Lissie

Lissie

Queen's Hall, Edinburgh

Rob Adams

We've long since become used to musicians selling CDs from the stage. But commercials for own-label tequila haven't, so far from your reviewer's experience, become the norm at gigs. If they do, Lissie will be a pioneer.

The singer-songwriter from Illinois who has managed the feat of becoming known by a single name, a diminutive of Elisabeth, didn't share how she came to have a drink named in her honour, but she did have a shot with the audience member who won the raffle.

If this sounds more like a folk club gig than a performance that might well be a staging post on the way to stadium-filling status, then there were some elements of folksiness.

The ballad Oh Mississippi would work easily on acoustic guitar and the oh oh oh-ing Little Lovin' - one of several songs that used this syllable effectively with the audience - begins with some sympathetic sentiments directed towards Appalachian farmers.
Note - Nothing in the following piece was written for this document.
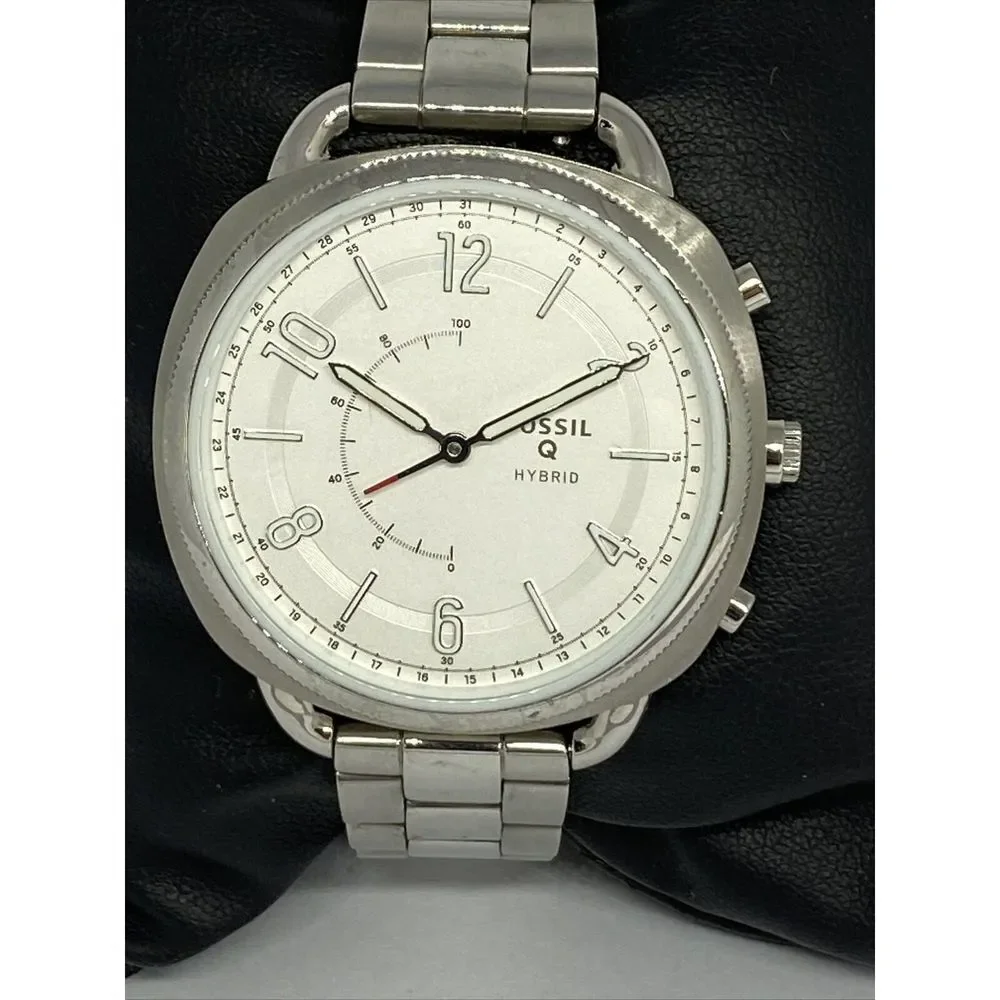 Fossil FTW1202 Women Stainless Steel Analog Silver Dial Hybrid Smartwatch JK26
Elements of other vernacular music - gospel for example - also show in Lissie's songwriting, but despite professing that she'd rather be shameless than famous in one of the night's strongest songs, Lissie sounds like someone who's spotted her place in the market and is going for it.
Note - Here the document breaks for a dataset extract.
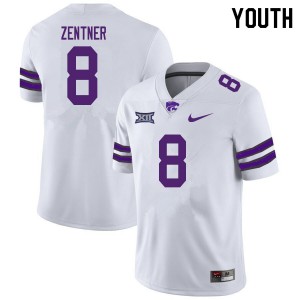 Youth Kansas State Wildcats Ty Zentner #8 Football White Jerseys 525860-685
Although her subject matter isn't always as clear as her raw-throated, pumping right-hand conviction, her music is well produced, with a resourceful band featuring guitarist Eric Sullivan, Lewis Keller, doubling on bass guitar and basic drum kit, and Jesse Siebenberg, on drums, keys and lap steel guitar, offering both full rockin' support and a variety of sounds and colours.

Lissie herself works hard but, on first exposure, her material generally was more easily admired than remembered.